# Aim of the task:
Quote the material exactly from the line that contains "IGP HOODY HOODIE" through its last line. Any pictures are to be left out.

[Opening Supplied material section]

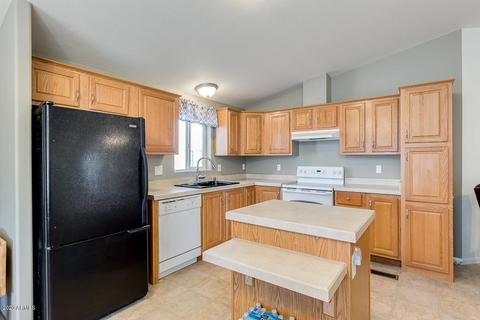 133 S Payton St, Apache Junction, AZ 85120 photo 13
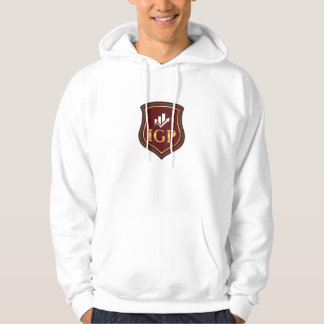 IGP HOODY HOODIE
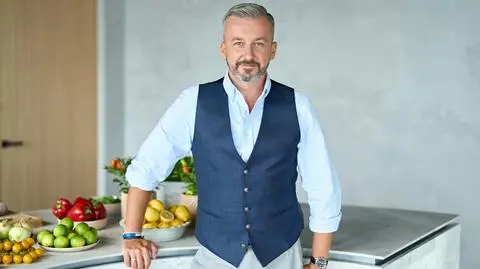 Krzysztof Skórzyński
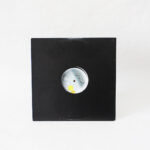 Don Disco + Jeremiah - Chemistry (Vinyl Second Hand) Grow! – grow!22 Minimal House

[Closing Supplied material section]

# Result for this exercise:
 IGP HOODY HOODIE
 Krzysztof Skórzyński
 Don Disco + Jeremiah - Chemistry (Vinyl Second Hand) Grow! – grow!22 Minimal House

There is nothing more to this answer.